• [What to produce] Omitting all pictures, print the lines of the listing from the one containing "Christmas Decoration Button" through the final line, both ends included, with no other text.

• [Available data]

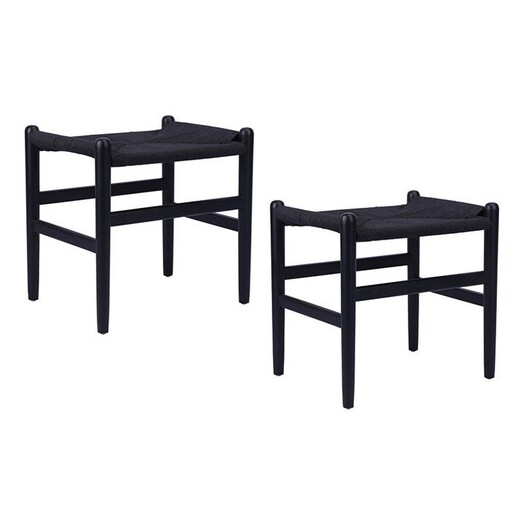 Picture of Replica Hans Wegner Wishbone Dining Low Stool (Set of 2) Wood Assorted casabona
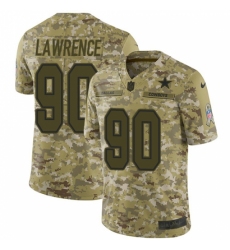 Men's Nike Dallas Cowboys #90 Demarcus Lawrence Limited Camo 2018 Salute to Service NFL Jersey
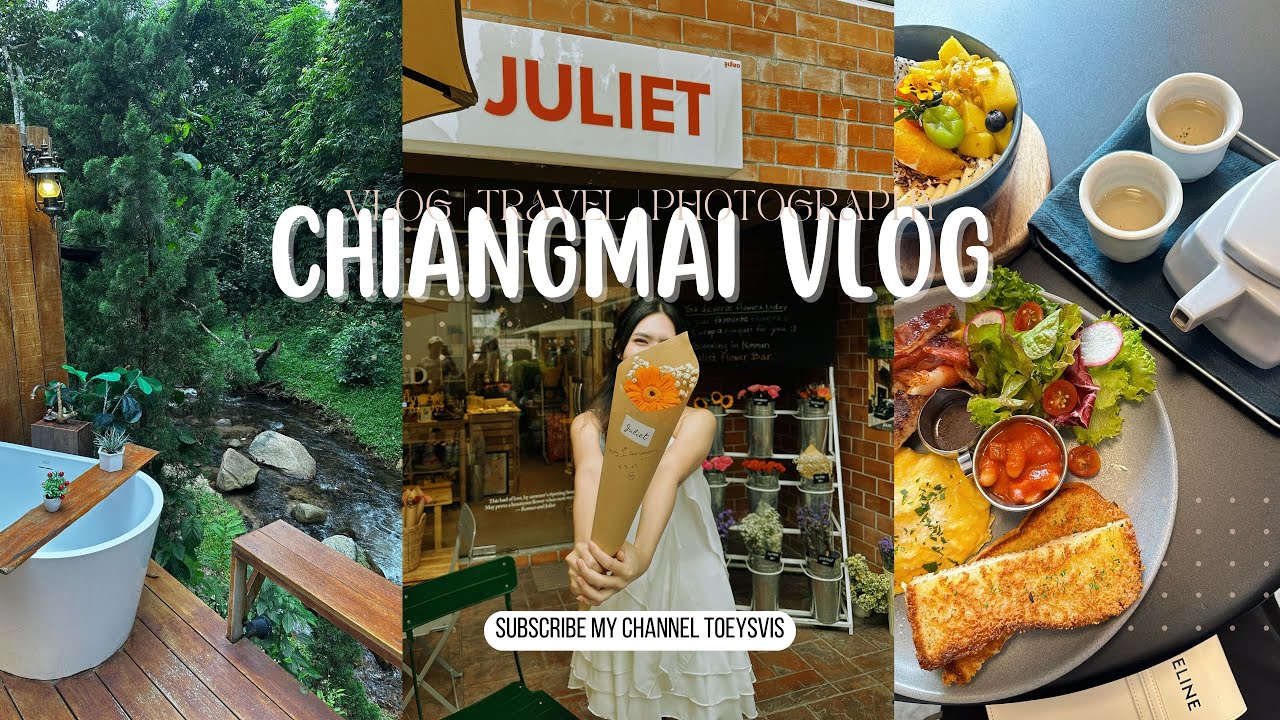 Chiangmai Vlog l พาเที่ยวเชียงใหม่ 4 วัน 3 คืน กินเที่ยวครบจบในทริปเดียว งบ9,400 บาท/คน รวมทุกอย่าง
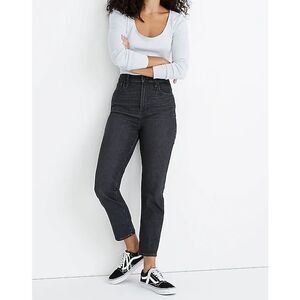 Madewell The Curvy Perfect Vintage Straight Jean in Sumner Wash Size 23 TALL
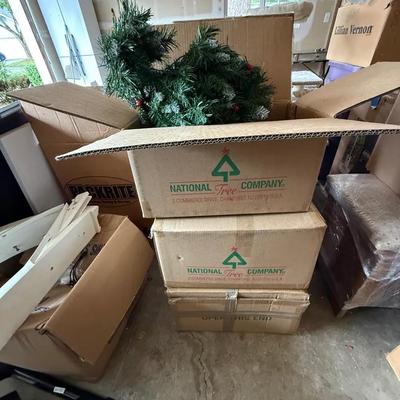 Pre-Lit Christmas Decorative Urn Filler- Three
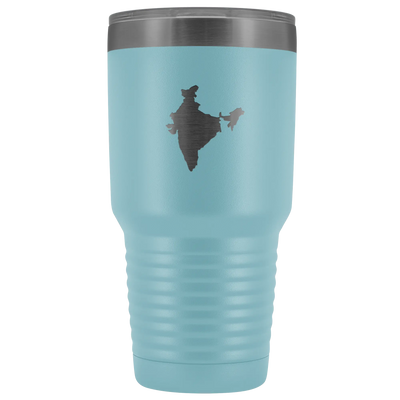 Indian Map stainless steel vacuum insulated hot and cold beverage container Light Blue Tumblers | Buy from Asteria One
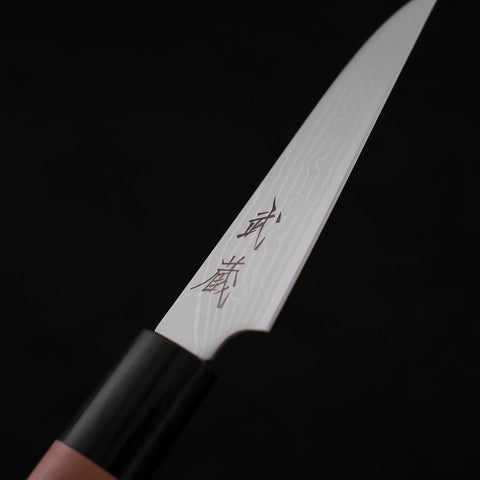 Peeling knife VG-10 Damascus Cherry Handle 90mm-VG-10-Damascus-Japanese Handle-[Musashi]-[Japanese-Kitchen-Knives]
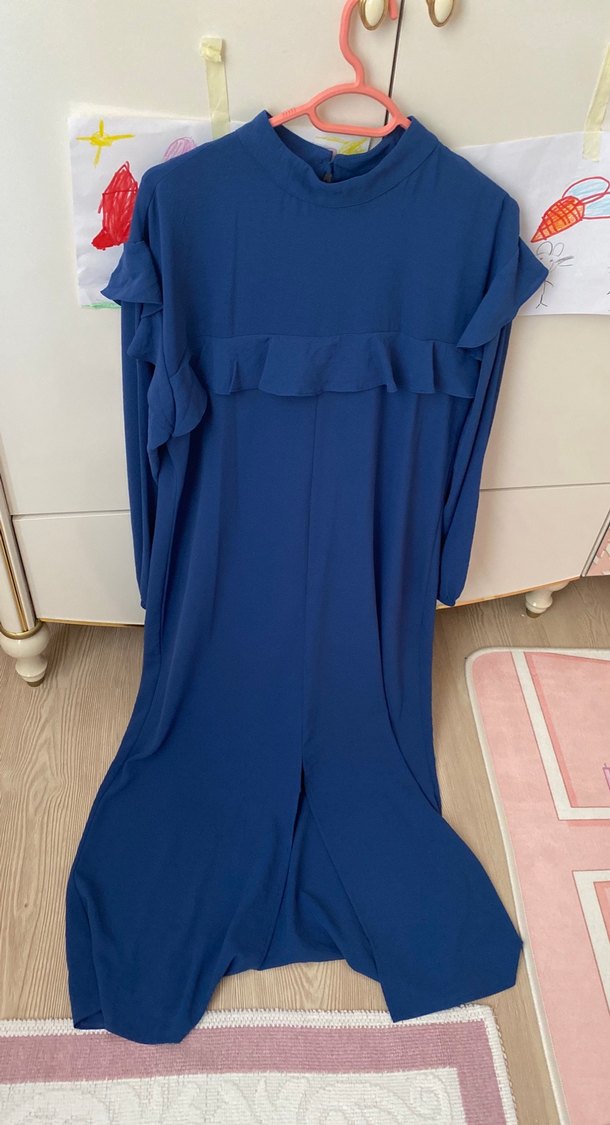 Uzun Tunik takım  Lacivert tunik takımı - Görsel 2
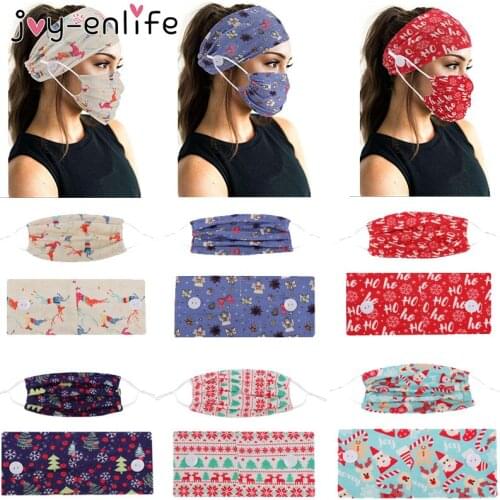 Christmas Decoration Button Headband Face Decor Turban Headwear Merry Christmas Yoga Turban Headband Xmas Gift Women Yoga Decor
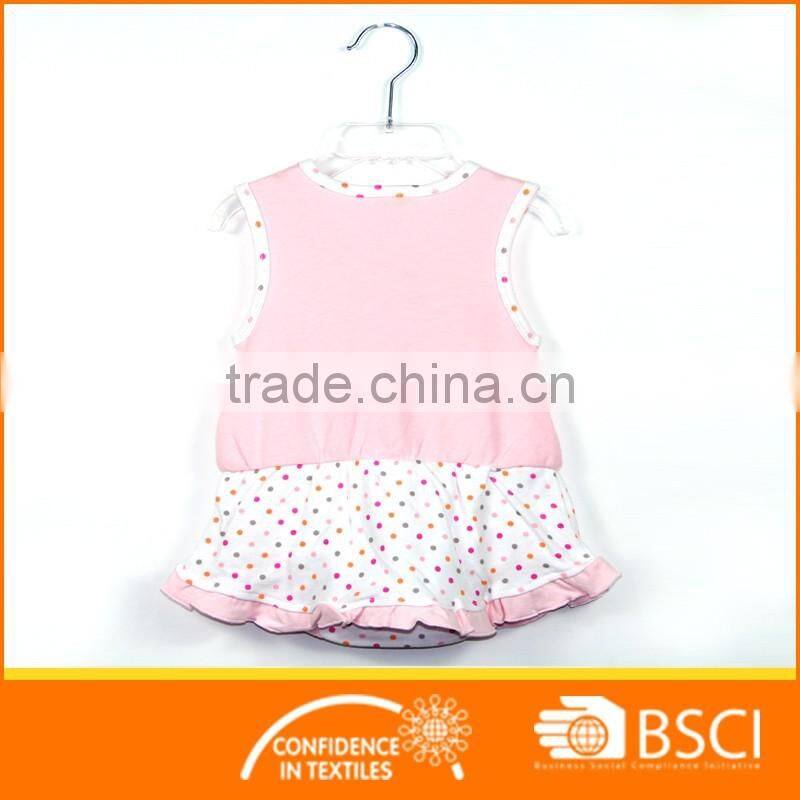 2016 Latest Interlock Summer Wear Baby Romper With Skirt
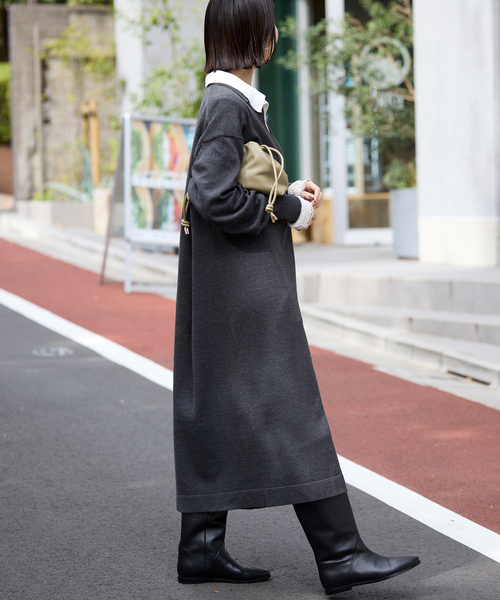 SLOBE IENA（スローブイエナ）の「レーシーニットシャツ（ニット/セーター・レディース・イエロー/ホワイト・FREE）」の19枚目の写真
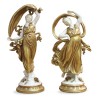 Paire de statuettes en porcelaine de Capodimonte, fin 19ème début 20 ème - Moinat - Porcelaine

• [Answer space]
 Christmas Decoration Button Headband Face Decor Turban Headwear Merry Christmas Yoga Turban Headband Xmas Gift Women Yoga Decor
 2016 Latest Interlock Summer Wear Baby Romper With Skirt
 SLOBE IENA（スローブイエナ）の「レーシーニットシャツ（ニット/セーター・レディース・イエロー/ホワイト・FREE）」の19枚目の写真
 Paire de statuettes en porcelaine de Capodimonte, fin 19ème début 20 ème - Moinat - Porcelaine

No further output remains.